1. Grant of Options. The
Company hereby grants to the Grantee a non-qualified stock option (the “Option”)
to purchase               
shares of common stock of the Company, par value $0.0001 per share (the “Shares”),
at the exercise price of $         per Share
(the “Exercise Price”). The Option is not intended to qualify as an incentive
stock option under Section 422 of the Code.

 

2. Subject to the Plan.
This Agreement is subject to the provisions of the Arena Pharmaceuticals, Inc.
2006 Long-Term Incentive Plan (the “Plan”),
and, unless the context requires otherwise, terms used herein shall have the
same meaning as in the Plan. In the event of a conflict between the provisions
of the Plan and this Agreement, the Plan shall control.

 

3. Term of Options.
Unless the Option terminates earlier pursuant to the provisions of this
Agreement, the Option shall expire on the tenth anniversary of the Grant Date.

 

4. Vesting. Except as
otherwise provided in Sections 6(b) or (c) of this Agreement provided the
Grantee is then a Director or, if applicable, an Employee, the Option shall
become vested and exercisable on the following dates:

 

	
  Vest Date

  	
   

  	
  Vested Options

  
	
   

  	
   

  	
   

  
	
   

  	
   

  	
   

  
	
   

  	
   

  	
   

  

 

5. Exercise of Option

 

(a)  Manner of Exercise. To the extent vested,
the Option may be exercised, in whole or in part, by delivering written notice
to the Company in accordance with paragraph (f) of Section 8 in such form as
the Company may require from time to time. Such notice shall specify the number
of Shares subject to the Option as to which the Option is being exercised, and
shall be accompanied by full payment of the Exercise Price of such Shares in a manner
permitted under the terms of Section 5.5 of the Plan, except that payment with
previously acquired Shares may only be made with the consent of the Committee.
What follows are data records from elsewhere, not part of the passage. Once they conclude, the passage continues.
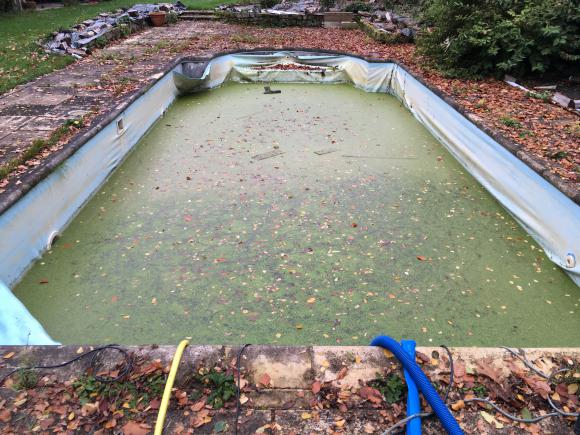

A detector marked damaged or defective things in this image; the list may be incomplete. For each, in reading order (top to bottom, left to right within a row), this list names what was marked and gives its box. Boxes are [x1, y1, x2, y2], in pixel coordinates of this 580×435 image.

torn pool edge [0, 50, 576, 344]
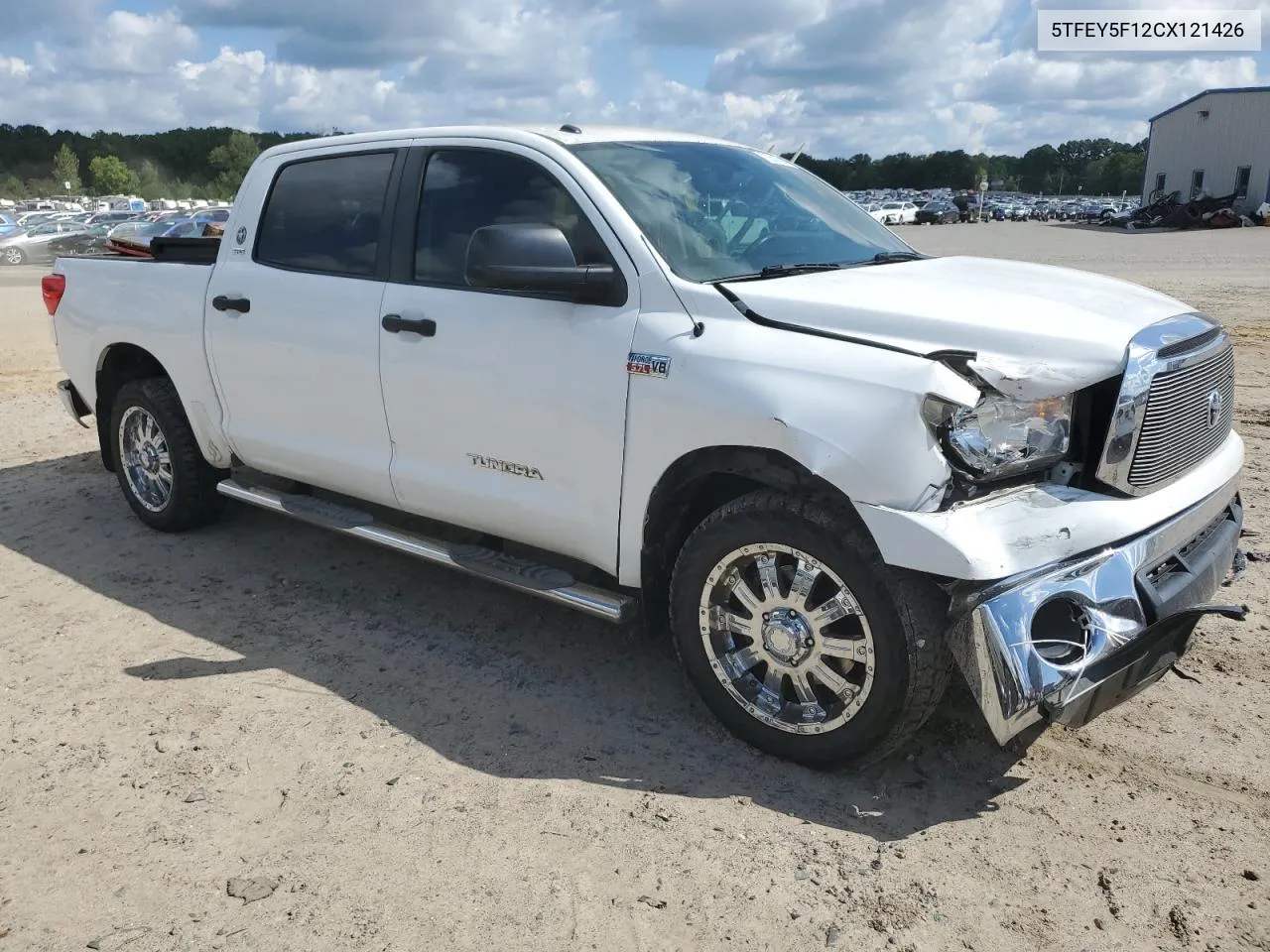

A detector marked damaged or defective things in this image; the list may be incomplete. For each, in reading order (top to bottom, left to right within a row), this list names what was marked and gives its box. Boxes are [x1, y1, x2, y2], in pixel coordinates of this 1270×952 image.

crumpled hood [721, 255, 1194, 401]
exposed headlight assembly [924, 391, 1072, 479]
damaged chrome bumper [950, 477, 1244, 746]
The Option may be exercised only in multiples of whole Shares
and no partial Shares shall be issued.

 

 

(b)  Issuance of Shares. Upon exercise of
the Option and payment of the Exercise Price for the Shares as to which the
Option is exercised, the Company shall issue to the Grantee the applicable number
of Shares in the form of fully paid and nonassessable Shares.

 

(c)  Capitalization Adjustments. The number
of Shares subject to the Option and the exercise price per Share shall be
equitably and appropriately adjusted as provided in Section 12.2 of the Plan.

 

6. Termination of Option

 

(a) Termination of Service
Other Than Due to Death or Disability. Unless the Option has earlier
terminated, the Option shall terminate in its entirety, regardless of whether
the Option is vested, three (3) years after the date the Grantee ceases to be a
Director or, if applicable, an Employee, for any reason other than the Grantee’s
death or Disability. Except as provided below in Section 6(b) or (c), any
portion of the Option that is not vested at the time the Grantee ceases to be a
Director or, if applicable, an Employee, shall immediately terminate.

 

(b)  Death. Upon the Grantee’s death,
unless the Option has earlier terminated, to the extent the Option is not fully
vested the Option shall become fully vested and exercisable. The Grantee’s
executor or personal representative, the person to whom the Option shall have
been transferred by will or the laws of descent and distribution, or such other
permitted transferee, as the case may be, may exercise the Option in accordance
with paragraph (a) of Section 5, provided such exercise occurs within three
(3) years after the date of the Grantee’s death or the end of the term of the
Option pursuant to Section 3, whichever is earlier.

 

(c)  Disability. In the event that the
Grantee ceases to be a Director by reason of Disability, unless the Option has
earlier terminated (i) the Option shall become fully vested and exercisable and (ii) the Option may be exercised, in accordance with
paragraph (a) of Section 5, provided such exercise occurs within three
(3) years after the date of Disability or the end of the term of the Option
pursuant to Section 3, whichever is earlier. For purposes of this Agreement, “Disability”
shall mean the Grantee’s becoming disabled within the meaning of Section
22(e)(3) of the Code, or as otherwise determined by the Committee in its
discretion. The Committee may require such proof of Disability as the Committee
in its sole and absolute discretion deems appropriate and the Committee’s
determination as to whether the Grantee has incurred a Disability shall be
final and binding on all parties concerned.

 

(d)  Extension of Exercise Period. Notwithstanding
any provisions of paragraphs (a), (b) or (c) of this Section to the contrary,
if exercise of the Option following termination of service during the time
period set forth in the applicable paragraph or sale during such period of the
Shares acquired on exercise would violate any of the provisions of the federal
securities laws (or any Company policy related thereto), the time period to
exercise the Option shall be extended until the later of (i) forty-five (45)
days after the date that the exercise of the Option or sale of the Shares
acquired on exercise would not be a violation of the federal securities laws
(or a related Company policy), or (ii) the end of the time period set forth in
the applicable paragraph.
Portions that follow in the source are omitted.